▶ **Task to carry out**: Below are the records; copy exactly the stretch from the line containing "1pc UPVC Inner" through the line containing "Fototapeta premium Engineers", both ends included, and nothing else.

The data START

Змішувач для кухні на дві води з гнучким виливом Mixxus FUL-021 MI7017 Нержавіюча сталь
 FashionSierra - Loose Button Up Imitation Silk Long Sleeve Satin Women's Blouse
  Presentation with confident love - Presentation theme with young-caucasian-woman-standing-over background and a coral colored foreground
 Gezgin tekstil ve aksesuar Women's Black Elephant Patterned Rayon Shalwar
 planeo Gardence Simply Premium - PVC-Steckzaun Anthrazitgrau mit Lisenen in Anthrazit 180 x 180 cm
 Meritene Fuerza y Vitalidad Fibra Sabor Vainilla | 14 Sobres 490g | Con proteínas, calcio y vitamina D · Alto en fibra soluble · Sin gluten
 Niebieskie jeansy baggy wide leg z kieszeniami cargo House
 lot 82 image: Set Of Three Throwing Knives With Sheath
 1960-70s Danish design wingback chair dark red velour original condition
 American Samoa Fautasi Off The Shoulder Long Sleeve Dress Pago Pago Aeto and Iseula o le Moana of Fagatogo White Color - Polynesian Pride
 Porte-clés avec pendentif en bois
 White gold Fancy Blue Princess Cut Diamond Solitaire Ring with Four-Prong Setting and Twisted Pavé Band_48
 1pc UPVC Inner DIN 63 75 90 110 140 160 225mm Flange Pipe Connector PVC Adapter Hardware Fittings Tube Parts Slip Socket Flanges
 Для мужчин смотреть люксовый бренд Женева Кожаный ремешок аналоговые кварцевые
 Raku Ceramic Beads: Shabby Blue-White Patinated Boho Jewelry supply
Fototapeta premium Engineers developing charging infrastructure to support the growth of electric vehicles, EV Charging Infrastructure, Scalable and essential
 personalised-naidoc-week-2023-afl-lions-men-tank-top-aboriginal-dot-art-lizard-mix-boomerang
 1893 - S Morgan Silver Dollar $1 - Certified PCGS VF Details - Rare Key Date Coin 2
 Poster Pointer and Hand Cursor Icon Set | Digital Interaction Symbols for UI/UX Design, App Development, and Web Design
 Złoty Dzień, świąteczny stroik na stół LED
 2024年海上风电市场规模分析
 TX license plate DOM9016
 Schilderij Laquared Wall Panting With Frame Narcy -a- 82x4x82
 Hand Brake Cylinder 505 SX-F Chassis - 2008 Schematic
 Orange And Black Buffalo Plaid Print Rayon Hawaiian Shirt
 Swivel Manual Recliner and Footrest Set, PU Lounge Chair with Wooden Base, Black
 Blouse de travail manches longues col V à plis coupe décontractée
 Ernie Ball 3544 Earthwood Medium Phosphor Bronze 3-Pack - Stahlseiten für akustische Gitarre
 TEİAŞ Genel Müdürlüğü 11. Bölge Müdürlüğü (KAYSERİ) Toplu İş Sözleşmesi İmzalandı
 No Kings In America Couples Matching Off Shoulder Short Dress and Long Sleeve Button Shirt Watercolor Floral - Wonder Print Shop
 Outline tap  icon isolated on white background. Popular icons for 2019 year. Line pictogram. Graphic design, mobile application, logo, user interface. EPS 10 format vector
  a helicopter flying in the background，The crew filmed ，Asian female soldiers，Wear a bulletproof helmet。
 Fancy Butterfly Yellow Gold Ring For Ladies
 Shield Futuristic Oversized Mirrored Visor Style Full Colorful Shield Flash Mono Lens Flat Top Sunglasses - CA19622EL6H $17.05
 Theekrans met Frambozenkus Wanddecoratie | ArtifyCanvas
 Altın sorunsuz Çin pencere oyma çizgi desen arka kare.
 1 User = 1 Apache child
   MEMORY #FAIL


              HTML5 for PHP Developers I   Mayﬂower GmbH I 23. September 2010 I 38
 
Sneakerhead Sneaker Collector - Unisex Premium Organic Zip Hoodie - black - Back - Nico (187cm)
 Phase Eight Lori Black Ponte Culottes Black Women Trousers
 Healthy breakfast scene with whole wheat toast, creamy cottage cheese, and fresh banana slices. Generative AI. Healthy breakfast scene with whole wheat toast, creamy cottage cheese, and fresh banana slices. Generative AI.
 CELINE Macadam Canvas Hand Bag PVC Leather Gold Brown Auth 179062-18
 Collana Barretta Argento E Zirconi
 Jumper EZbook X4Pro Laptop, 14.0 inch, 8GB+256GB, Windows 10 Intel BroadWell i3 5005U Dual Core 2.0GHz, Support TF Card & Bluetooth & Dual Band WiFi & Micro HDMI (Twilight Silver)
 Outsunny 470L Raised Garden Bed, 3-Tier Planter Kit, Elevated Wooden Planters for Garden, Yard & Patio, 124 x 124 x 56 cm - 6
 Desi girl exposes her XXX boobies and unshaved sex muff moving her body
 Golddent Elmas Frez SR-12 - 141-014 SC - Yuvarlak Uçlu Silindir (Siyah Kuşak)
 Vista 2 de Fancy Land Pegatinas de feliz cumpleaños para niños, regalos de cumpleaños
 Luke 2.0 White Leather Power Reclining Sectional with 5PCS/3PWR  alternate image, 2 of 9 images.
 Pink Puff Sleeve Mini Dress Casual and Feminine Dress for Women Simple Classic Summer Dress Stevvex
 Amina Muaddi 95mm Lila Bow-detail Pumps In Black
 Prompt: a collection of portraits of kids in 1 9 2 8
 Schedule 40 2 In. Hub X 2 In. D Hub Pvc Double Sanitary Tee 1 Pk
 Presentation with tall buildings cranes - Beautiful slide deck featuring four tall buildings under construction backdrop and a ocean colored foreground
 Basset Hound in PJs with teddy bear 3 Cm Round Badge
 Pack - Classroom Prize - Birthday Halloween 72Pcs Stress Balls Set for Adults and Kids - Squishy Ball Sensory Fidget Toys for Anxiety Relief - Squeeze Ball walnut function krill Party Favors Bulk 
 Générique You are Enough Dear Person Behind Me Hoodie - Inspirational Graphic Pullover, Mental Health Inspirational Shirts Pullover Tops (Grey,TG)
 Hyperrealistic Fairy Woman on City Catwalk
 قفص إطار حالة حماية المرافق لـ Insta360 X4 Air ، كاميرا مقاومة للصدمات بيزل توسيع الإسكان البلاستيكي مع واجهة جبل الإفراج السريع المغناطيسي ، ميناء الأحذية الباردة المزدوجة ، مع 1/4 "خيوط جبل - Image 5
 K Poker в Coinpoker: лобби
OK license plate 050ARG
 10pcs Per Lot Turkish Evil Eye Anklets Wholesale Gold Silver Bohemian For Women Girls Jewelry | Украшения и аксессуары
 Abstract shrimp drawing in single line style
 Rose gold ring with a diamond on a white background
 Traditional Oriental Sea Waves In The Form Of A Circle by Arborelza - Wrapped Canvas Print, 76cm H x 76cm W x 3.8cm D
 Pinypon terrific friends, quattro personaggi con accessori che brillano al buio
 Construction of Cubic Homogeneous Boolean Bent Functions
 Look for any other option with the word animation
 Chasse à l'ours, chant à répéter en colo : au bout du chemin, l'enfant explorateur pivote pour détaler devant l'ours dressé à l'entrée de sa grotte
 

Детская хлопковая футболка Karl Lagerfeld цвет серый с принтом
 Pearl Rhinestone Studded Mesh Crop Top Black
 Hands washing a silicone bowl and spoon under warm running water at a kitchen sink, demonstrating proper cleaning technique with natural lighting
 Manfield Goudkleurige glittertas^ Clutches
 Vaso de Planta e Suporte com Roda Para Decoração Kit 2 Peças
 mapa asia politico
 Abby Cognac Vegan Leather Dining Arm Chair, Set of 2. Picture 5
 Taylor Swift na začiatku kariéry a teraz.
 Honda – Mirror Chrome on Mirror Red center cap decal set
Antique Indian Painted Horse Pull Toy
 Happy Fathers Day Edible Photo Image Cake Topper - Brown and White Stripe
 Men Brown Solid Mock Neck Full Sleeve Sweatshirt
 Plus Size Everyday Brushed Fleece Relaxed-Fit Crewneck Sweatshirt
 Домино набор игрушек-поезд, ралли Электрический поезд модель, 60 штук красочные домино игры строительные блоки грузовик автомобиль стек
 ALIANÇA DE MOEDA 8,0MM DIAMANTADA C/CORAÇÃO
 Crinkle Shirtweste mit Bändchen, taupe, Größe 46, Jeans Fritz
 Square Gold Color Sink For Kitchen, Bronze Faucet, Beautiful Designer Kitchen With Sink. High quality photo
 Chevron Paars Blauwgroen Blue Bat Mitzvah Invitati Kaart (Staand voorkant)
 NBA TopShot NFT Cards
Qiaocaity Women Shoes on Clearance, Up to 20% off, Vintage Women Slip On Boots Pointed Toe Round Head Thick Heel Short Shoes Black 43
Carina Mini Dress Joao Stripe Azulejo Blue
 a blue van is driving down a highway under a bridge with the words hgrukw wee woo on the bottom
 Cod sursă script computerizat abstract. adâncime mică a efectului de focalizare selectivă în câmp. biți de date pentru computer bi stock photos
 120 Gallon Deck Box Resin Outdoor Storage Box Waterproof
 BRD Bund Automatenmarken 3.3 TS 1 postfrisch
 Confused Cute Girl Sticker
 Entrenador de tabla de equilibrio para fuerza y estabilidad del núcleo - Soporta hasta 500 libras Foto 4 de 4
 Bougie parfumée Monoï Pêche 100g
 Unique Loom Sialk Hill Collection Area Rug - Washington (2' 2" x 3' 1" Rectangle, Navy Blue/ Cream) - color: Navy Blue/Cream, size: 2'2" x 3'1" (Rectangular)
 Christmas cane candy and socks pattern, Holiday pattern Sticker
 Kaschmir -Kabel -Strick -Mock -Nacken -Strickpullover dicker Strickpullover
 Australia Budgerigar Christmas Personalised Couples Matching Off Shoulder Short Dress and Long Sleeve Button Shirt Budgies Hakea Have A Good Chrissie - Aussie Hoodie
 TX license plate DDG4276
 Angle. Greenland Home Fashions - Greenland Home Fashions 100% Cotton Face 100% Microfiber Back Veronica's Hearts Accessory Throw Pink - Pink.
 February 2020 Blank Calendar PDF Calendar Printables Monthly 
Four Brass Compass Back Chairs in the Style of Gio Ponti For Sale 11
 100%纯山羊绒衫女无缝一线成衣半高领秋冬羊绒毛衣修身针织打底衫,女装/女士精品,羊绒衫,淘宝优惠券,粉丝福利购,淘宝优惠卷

The data END

▶ **Solution below**:
 1pc UPVC Inner DIN 63 75 90 110 140 160 225mm Flange Pipe Connector PVC Adapter Hardware Fittings Tube Parts Slip Socket Flanges
 Для мужчин смотреть люксовый бренд Женева Кожаный ремешок аналоговые кварцевые
 Raku Ceramic Beads: Shabby Blue-White Patinated Boho Jewelry supply
Fototapeta premium Engineers developing charging infrastructure to support the growth of electric vehicles, EV Charging Infrastructure, Scalable and essential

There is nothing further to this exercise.